**DATASET SECTION**:
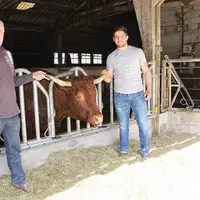 Lorraine, une paisible salers, docile comme ses consœurs, apprécie la compagnie de celui qui l’a élevée et de celui qui lui a succédé.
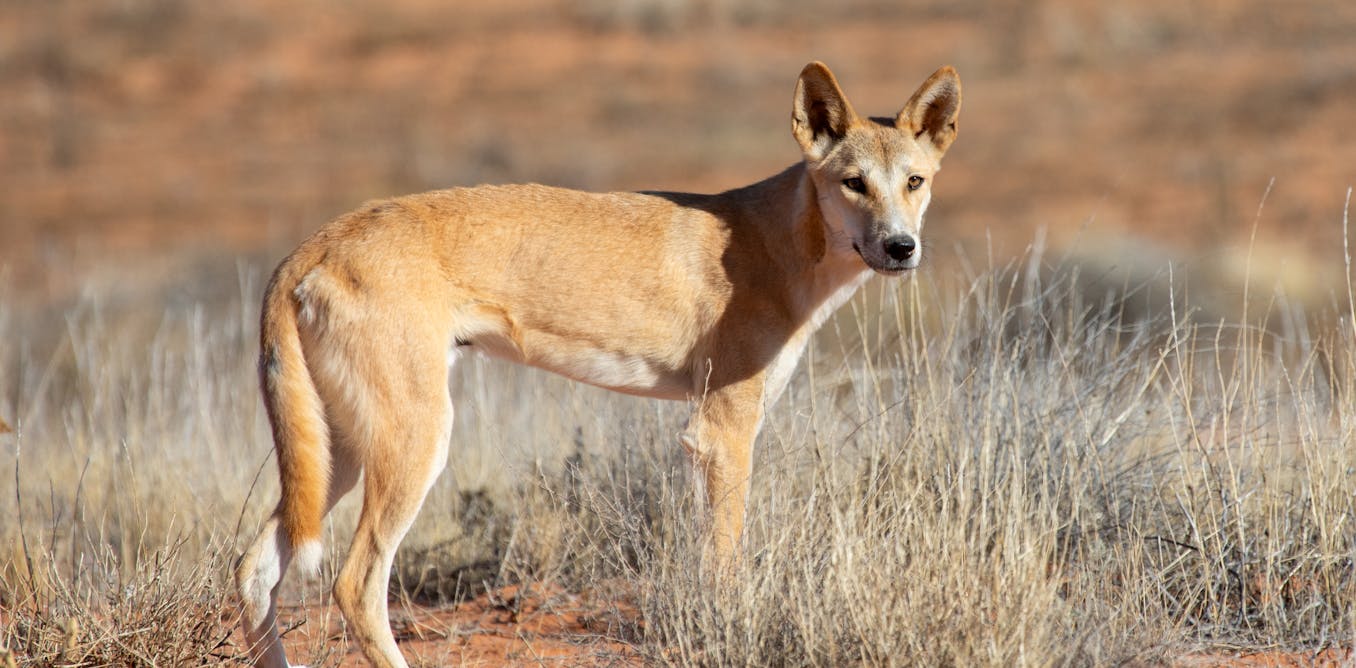 Impacts of colonisation on dingoes are ‘written in their bones’, new research finds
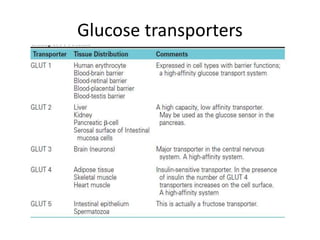Glucose transporters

**GOAL OF THE EXERCISE**:
With the pictures omitted, write out exactly the lines from the one that contains "Impacts of colonisation" through the final line of the material above, both ends included.

**TASK SOLUTION**:
 Impacts of colonisation on dingoes are ‘written in their bones’, new research finds
Glucose transporters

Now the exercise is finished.